Стали стучать вдвоем: Тоня в дверь, кучер в окна. По всей деревне залаяли собаки. Внутри не было слышно ни звука.
– Ничего не поделаешь, – сказал кучер. – Придется вам в сарае ночевать. Сейчас погляжу – может, сарай не замкнут.
– Я тебе погляжу! – внезапно донеслось из сеней.
– Дедушка! – обрадовалась Тоня.
– Это кто? – спросили из сеней.
– Это я, дедушка, Тоня.
– Какая такая Тоня?
– Внучка, Тоня. Открывай, дедушка!
В сенях замолчали, и долго ничего не было слышно.
– Ты отворишь или нет, старый черт? – спросил кучер.

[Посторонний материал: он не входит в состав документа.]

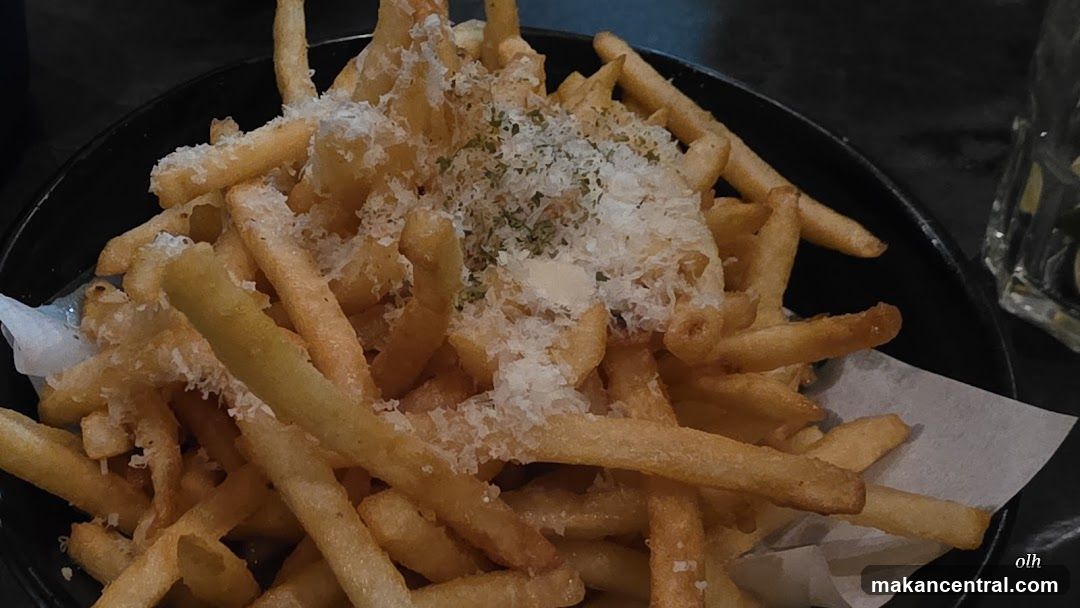 Parmesan Truffle Fries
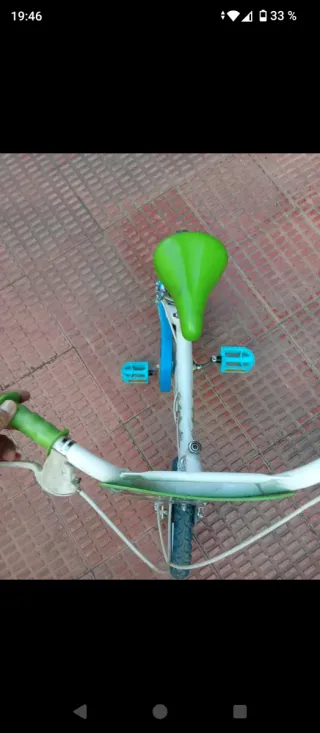 Bicicleta Infantil Toy Story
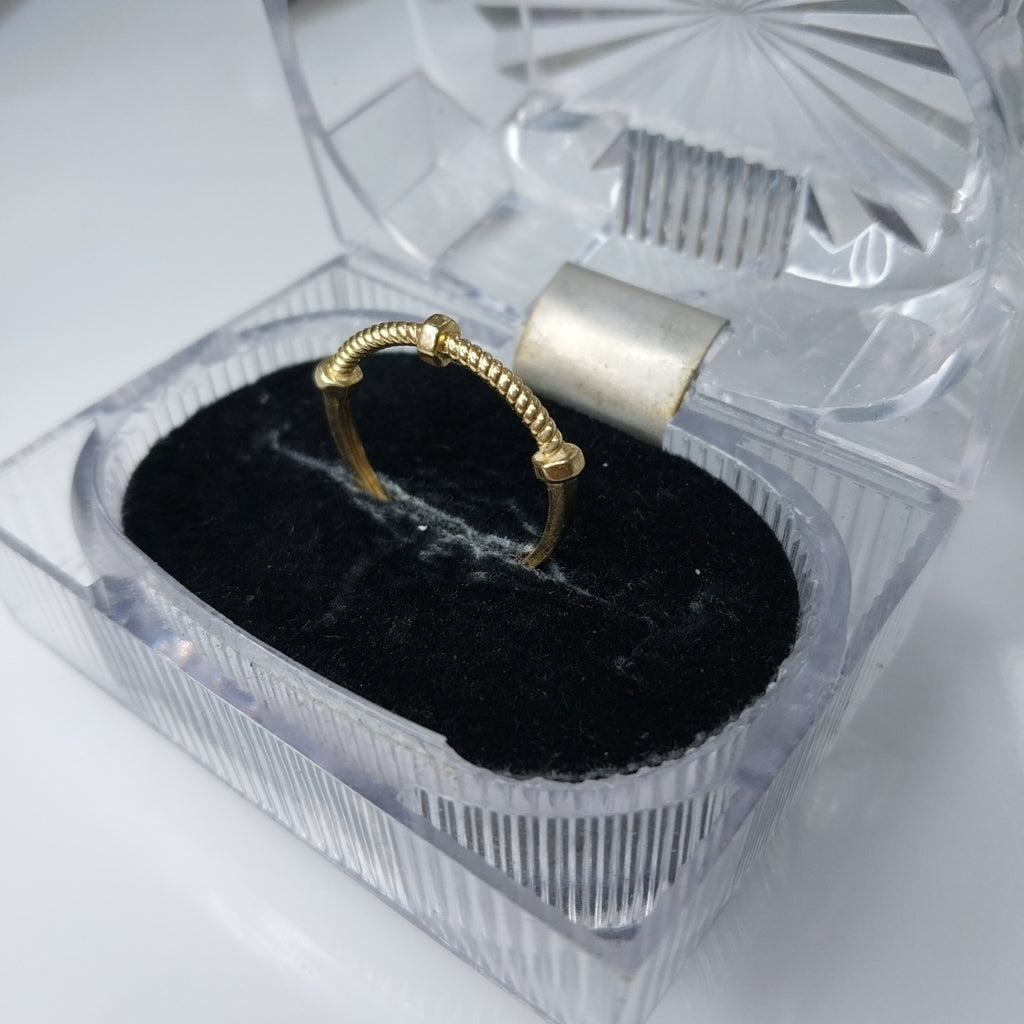 ANILLO ORO 14 K 1.9 GRMS (SEMINUEVO)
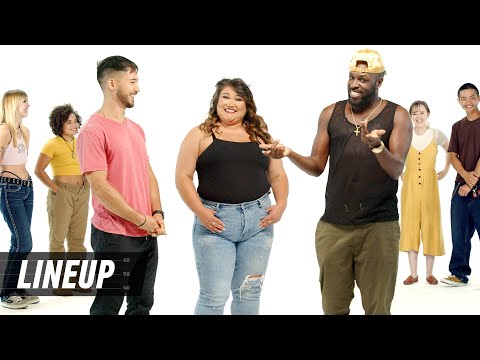 Match the Person to Their Ex | Lineup | Cut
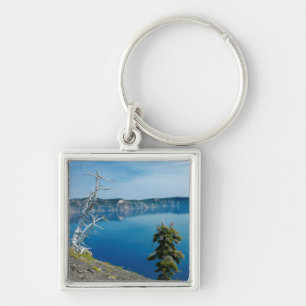 USA, Oregon, Crater Lake National Park 4 Keychain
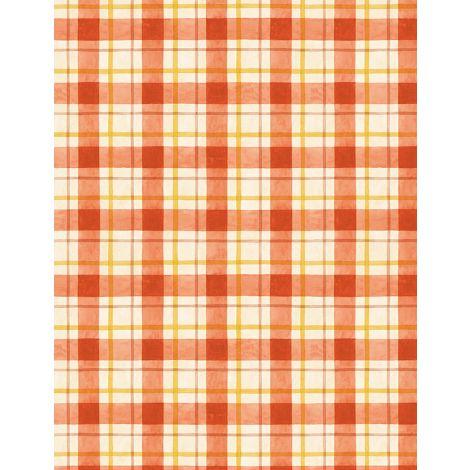 Wilmington Sunflower Splendor, 3023 83332 235, Cream/Red,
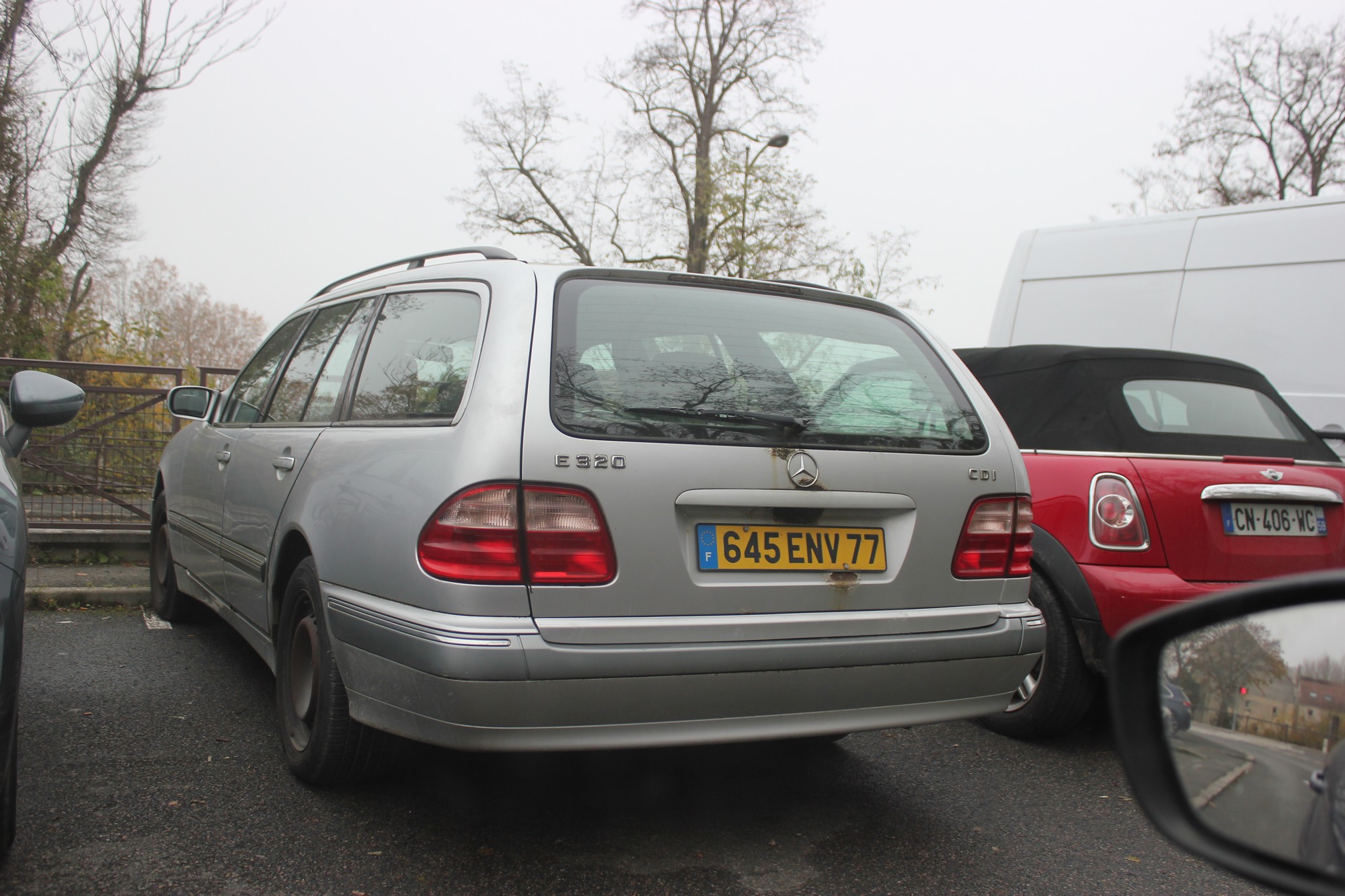 645 ENV 77, Mercedes-Benz E-Klasse 2nd gen Wagon (S210), 1995­–2003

Выдвигаемый засов зашумел, звякнула задвижка, дверь открылась, и дедушка Глечиков в портках и валенках встал на пороге.
– Ты чего приехала? – спросил он Тоню так, будто они не виделись часа два или три.
– Я насовсем, дедушка, из Ленинграда…
– Чего же ты так, среди ночи-то?
– Не терпелось доехать. Здравствуйте, дедушка!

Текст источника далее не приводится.